И эти навсегда усталые, угрюмые, привычно беспокойные лица на пустых улицах. Chez nous[20]
.Или просто ощущение, что есть реальное обоснование быть исключением. И еще эта мысль: неужели я потерялся».
Потом я стал записывать в черную папку сюжеты возможных сочинений. Разумеется, поначалу это была смесь собственных воспоминаний со всякого рода сентиментальной литературщиной. Но внутри были размышления о жизни, весьма даже и неглупые, хотя часто претенциозные. Они рождались после того, как я записывал мысль отчасти и точную, но банальную, потом начинал доискиваться сути, порой и подходил к этой самой сути достаточно близко.
«…Правы не полюса, но напряжение между ними».
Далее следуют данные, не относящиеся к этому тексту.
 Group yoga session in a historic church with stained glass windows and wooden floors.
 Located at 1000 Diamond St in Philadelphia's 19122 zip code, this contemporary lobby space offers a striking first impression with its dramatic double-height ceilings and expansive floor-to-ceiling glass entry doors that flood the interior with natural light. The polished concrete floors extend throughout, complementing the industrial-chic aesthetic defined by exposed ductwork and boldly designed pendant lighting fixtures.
В ту пору непросто было догадаться, что все крайности нехороши, — диссиденты, даже просто существованием своим, тревожили нечистую совесть либеральных конформистов, к которым я принадлежал, и левые крайности казались святыми. К счастью, я тогда начинал (очень осторожно) сомневаться.
Помню, мне приснилась фраза — именно так — «приснилась фраза»: «Люди живут только потому, что боятся смерти». Проснулся с недоумением, только потом понял смысл суждения: кто согласился бы на страх жизни, если бы не была еще страшнее смерть, которую никто из живых не знает. И по сию пору кажется мне, что сам я бы такую мысль не придумал. Много позже я нашел нечто похожее у Шекспира, но убежден, тогда это не было просто всплывшей из подсознания читаной фразой.
Случалось записывать сны, особенно те, что, порожденные, видимо, загнанной психикой, были фантастичны и вместе реальны:
«Видел во сне Николая I, мраморно-красивого, как на ранних скульптурных портретах. В расстегнутой рубашке с жабо и кавалерийских рейтузах, он, сидя на краю своей легендарной солдатской койки, покрытой шинелью, говорил со мною отличным (как в „Войне и мире“) французским языком, жалуясь на страшные времена. А за окном — салют, какие мне приходилось видеть в сороковые годы, почему-то кремлевская стена и Николай II в автомобиле, арестованный, под охраной мрачных красногвардейцев с винтовками с примкнутыми штыками, в пулеметных лентах».